The golden age lasted for 50 years and in that time butt width narrowed from 2+" to as little as 3/4" on some of the rifles. It also went from flat buttplates to a crescent moon curve on some models.

Regional styles dominated the latter years with guns from the south looking nothing like guns from the north. There is no "standard" golden age rifle. There were hundreds of makers creating hundreds of styles as their own abilities allowed and their customers required.

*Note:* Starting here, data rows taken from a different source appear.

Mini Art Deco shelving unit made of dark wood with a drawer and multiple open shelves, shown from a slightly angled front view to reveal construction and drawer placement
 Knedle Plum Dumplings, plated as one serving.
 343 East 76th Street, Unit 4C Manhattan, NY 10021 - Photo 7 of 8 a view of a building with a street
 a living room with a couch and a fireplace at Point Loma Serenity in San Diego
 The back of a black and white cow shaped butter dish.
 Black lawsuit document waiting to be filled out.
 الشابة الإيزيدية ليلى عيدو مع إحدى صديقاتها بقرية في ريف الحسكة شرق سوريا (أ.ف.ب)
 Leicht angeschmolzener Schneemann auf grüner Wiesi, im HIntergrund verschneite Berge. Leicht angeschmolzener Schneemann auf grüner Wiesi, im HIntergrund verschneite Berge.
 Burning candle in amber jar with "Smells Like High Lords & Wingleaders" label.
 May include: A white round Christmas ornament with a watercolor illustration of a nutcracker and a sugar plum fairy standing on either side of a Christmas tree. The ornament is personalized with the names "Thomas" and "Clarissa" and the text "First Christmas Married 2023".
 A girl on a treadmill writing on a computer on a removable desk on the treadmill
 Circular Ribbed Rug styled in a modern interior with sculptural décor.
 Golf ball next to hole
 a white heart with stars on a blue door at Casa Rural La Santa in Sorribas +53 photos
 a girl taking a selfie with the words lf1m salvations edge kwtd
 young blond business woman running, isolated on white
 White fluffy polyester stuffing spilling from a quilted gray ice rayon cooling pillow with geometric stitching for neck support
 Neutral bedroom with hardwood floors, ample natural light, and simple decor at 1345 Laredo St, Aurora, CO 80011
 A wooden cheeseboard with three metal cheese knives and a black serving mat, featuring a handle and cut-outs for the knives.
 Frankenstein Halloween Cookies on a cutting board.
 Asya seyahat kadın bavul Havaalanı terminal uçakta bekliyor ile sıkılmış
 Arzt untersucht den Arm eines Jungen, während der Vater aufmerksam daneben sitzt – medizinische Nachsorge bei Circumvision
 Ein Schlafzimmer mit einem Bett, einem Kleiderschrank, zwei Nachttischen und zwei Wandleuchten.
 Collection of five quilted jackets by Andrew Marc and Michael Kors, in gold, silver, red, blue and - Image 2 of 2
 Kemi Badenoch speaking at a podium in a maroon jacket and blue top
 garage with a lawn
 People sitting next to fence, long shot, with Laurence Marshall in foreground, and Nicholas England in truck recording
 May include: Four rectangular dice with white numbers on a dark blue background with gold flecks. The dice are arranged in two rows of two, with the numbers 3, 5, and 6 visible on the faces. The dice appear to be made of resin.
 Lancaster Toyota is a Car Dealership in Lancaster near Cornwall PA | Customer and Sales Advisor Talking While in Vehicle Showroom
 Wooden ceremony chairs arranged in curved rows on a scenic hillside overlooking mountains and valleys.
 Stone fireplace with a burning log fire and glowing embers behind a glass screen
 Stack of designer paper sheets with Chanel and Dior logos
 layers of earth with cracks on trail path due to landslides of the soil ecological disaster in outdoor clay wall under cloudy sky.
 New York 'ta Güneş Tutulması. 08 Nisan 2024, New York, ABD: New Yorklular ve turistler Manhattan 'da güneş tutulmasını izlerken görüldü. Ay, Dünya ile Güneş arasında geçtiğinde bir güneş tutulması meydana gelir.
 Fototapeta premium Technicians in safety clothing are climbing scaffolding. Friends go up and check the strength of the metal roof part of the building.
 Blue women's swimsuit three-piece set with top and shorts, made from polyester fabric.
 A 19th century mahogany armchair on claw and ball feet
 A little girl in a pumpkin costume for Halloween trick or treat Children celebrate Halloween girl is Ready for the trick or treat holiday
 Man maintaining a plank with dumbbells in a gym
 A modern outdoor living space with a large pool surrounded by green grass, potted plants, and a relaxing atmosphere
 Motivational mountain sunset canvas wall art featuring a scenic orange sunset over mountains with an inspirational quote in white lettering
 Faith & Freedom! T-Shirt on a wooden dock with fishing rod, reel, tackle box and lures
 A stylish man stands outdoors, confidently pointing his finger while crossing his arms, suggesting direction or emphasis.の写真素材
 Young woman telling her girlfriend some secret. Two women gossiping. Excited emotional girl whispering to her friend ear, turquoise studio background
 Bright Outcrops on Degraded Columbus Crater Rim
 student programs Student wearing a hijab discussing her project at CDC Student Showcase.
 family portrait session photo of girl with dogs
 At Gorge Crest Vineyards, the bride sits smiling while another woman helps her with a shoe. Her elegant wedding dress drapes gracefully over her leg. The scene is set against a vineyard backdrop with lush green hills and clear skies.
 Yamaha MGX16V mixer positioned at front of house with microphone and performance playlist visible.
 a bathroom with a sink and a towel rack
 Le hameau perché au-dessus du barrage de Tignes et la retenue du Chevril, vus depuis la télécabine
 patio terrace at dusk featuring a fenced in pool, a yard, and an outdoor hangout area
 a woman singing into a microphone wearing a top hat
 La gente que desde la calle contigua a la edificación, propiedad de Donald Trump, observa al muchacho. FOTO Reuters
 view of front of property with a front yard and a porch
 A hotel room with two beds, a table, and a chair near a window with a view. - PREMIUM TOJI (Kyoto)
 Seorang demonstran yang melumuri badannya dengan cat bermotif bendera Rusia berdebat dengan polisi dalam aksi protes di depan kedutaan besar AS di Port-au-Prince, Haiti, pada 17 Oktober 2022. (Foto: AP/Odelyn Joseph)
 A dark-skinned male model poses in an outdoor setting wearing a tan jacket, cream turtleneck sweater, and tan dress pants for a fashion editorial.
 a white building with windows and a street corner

There are whole volumes being written on these topics even as we speak.

:m2c:
 
You may want to narrow it down to a particular builder or school and follow that trend as stated there were many variables during the Goldem Age....some builders still made guns in the old style, we usually speak in generalities when talking of the differences of early and later guns.
 
Track of Wolf's catalog shows full sized butt plates. Many of the Golden Age buttplates are 1 3/8 to 1 1/2 or 1 5/8 inches wide. The earlier the wider and the later (such as plains rifles) were narrower. Depends on the school or style. Peter Alexander's book "The Gunsmith of Grenville County" (see Track's web site) has 19 measurements of eight original longrifles, including butt width. One of these, a Peter Resor smoothbore, had a 1 5/16 butt plate. You need this book if you are building from scratch.
 
It can also vary with region in the same period. Berks County, for example, tended to retain the wider, early butt plates much later than other schools.